Pengajar filsafat hukum Universitas Indonesia Taufik Basari menilai persoalan pertama terletak pada belum terbangunnya budaya antikorupsi di masyarakat Indonesia.

"Kenyataannya, meski penindakan dan pembongkaran terhadap kasus besar banyak dilakukan, banyak orang masih mencari celah dan peluang melakukan korupsi"

Korupsi masih dapat tumbuh subur jika peluangnya terus terbuka, tambah Taufik yang kini aktif menjadi Ketua Bidang Hukum Advokasi dan Hak Asasi Manusia (HAM) Partai Nasdem.

"Korupsi mungkin terjadi jika masyarakat masih permisif dan pejabatnya punya peluang, serta tidak ada perlawanan dari masing-masing rakyat.

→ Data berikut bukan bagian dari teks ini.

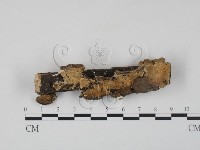 雲芝藏品圖，第4張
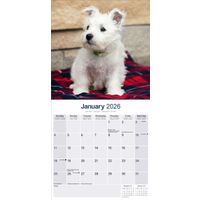 Avonside Kalender 26 West HW Terriers as
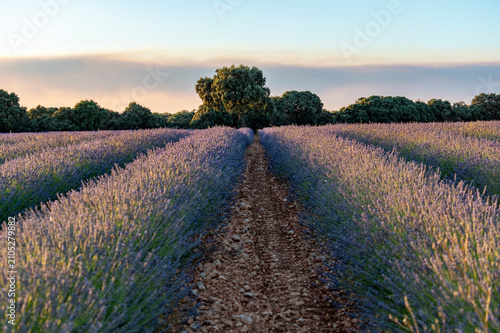 Dirt path leading to a green tree in lavender field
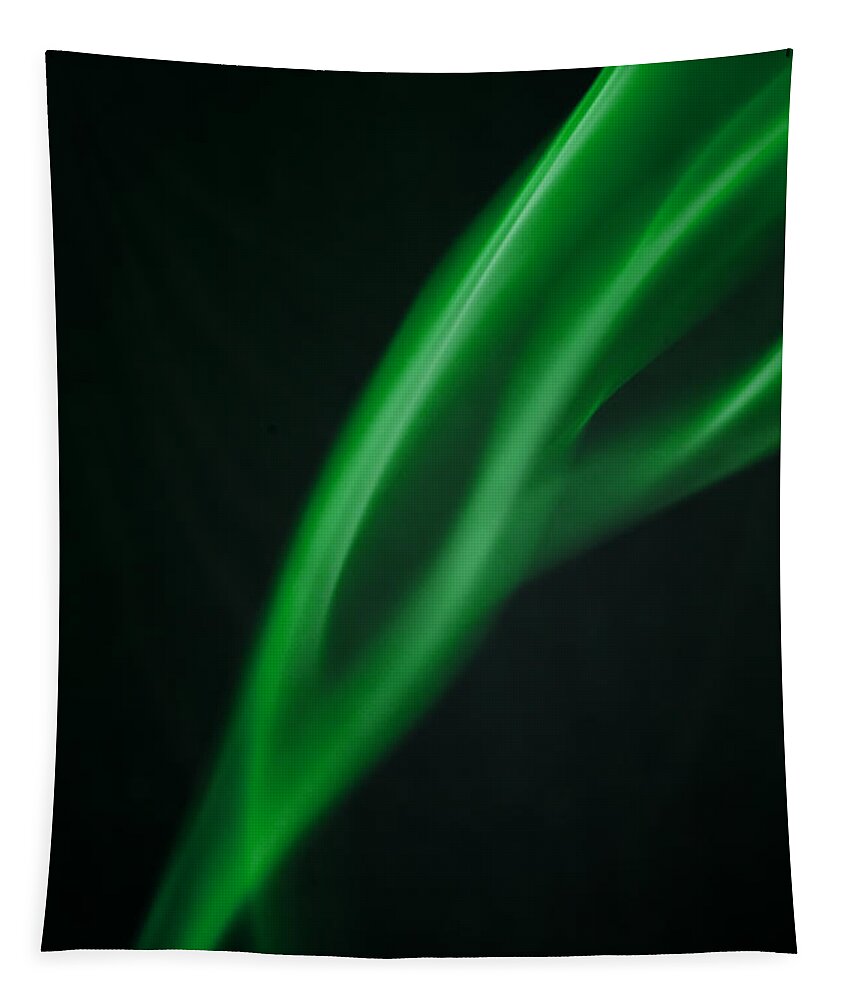 Smoke Abstract Tapestry featuring the photograph Green smoke abstract by Michalakis Ppalis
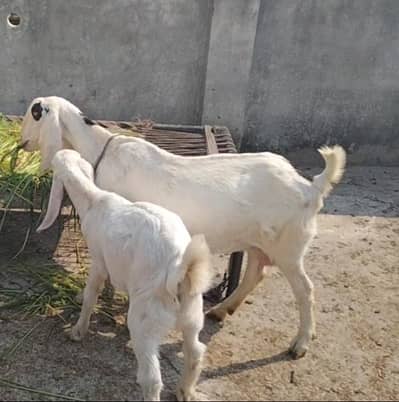 Desi Dogli ghabn bakri 03324262191
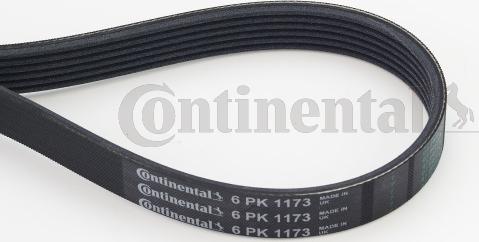 Continental CTAM 6PK1173 - Correa trapecial poli V parts5.com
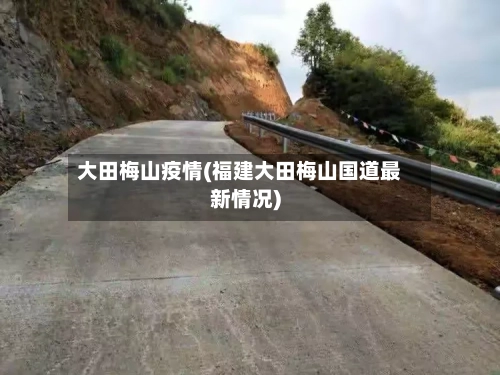 大田梅山疫情(福建大田梅山国道最新情况)-第2张图片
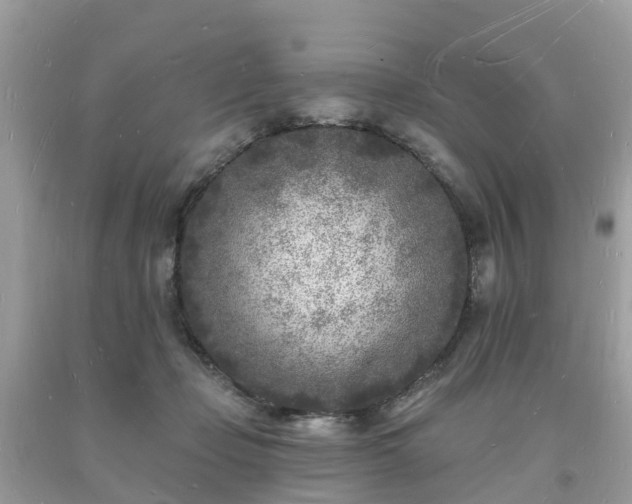 X0000093720365200710231136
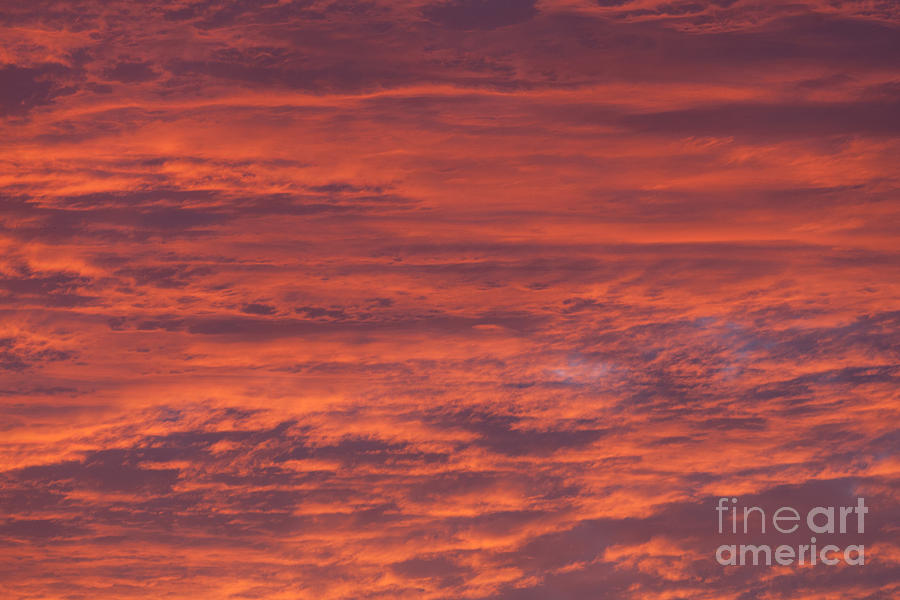 Dramatic Red Sky Photograph By Shaun Wilkinson Pixels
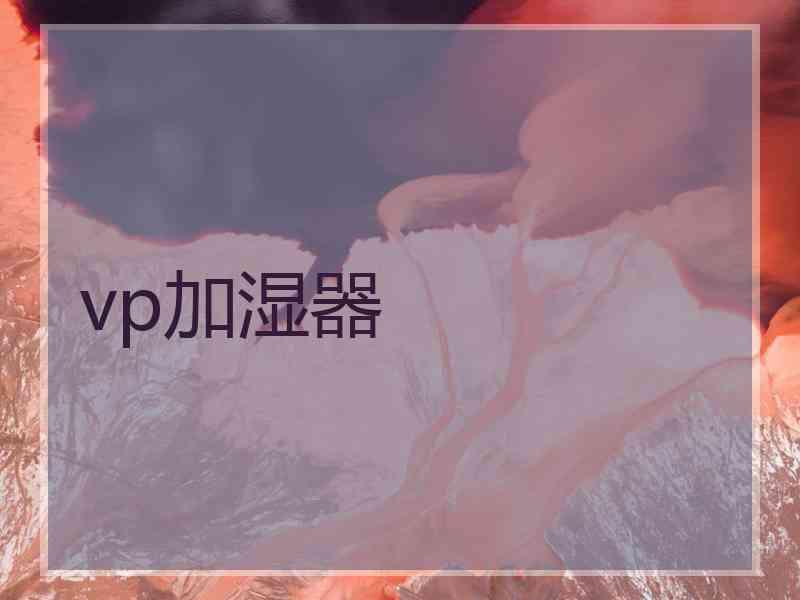 vp加湿器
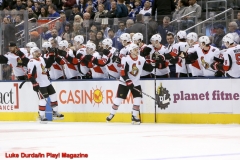 February 1st 2020, Toronto defeats Ottawa 2-1 in overtime. Luke Durda/In Play! Magazine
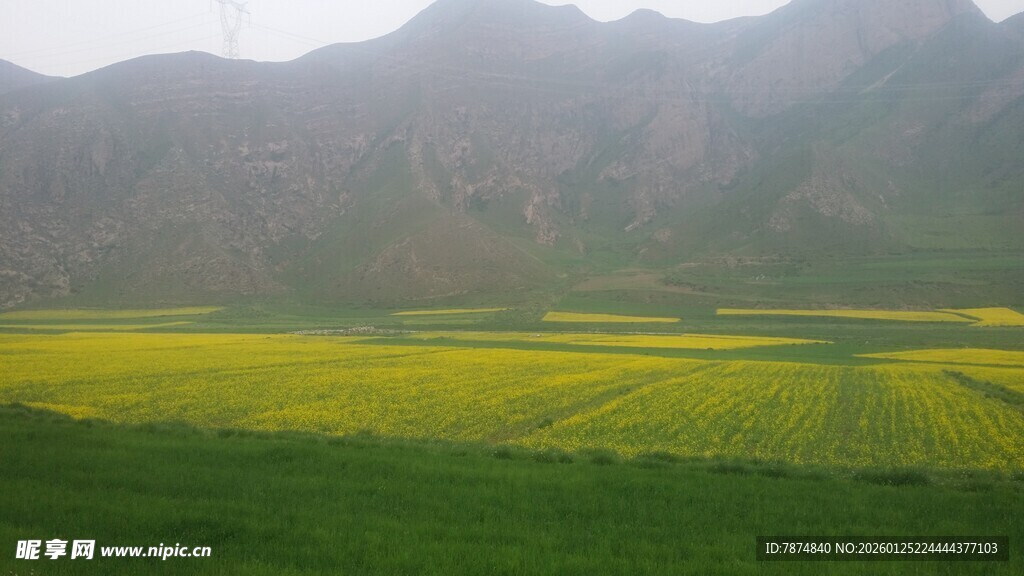 山间油菜田美景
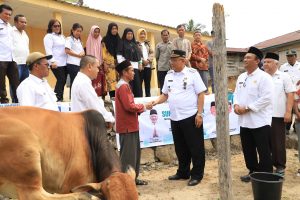 Jelang Idul Adha, Pemkab Dairi Terima Sapi Kurban dari Presiden RI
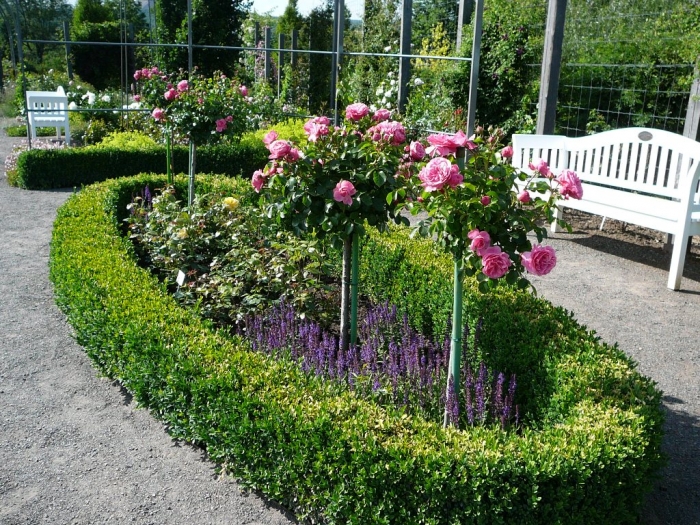 rosarium_europa_017.jpg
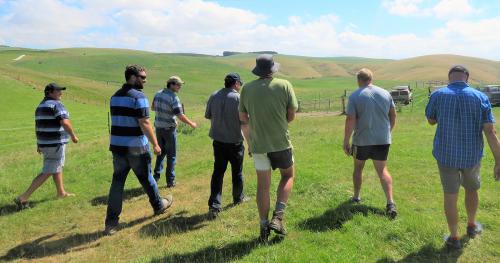 Image of farmers in field 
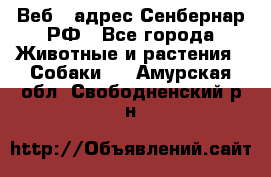 Веб – адрес Сенбернар.РФ - Все города Животные и растения » Собаки   . Амурская обл.,Свободненский р-н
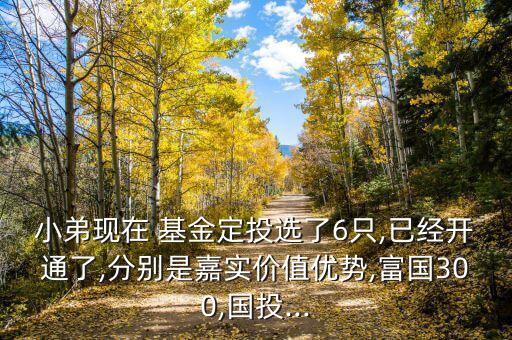 小弟現(xiàn)在 基金定投選了6只,已經開通了,分別是嘉實價值優(yōu)勢,富國300,國投...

Hal itu yang membuat budaya antikorupsi sulit diterapkan, terlebih banyak pejabat yang mestinya menjadi pemimpin dan teladan, tetapi belum mampu memberi contoh baik untuk masyarakat".

Meski demikian, Taufik tampak optimistis bahwa budaya antirasuah dapat diciptakan. Akan tetapi, gerakan tersebut tak dapat dibebankan ke institusi atau lembaga tertentu, misalnya saja KPK ataupun aparat penegak hukum

"Lembaga dan masyarakat bersama-sama harus memerangi korupsi. Masyarakat mesti bertindak aktif dan kritis. Harus ada gerakan yang masif dari masyarakat".

Artinya, korupsi bukan hanya masalah bagi politisi dan pejabat negeri, tetapi masyarakat yang terbuka dan kritis menjadi poin penting terbangunnya budaya perlawanan terhadap tindak pidana korupsi.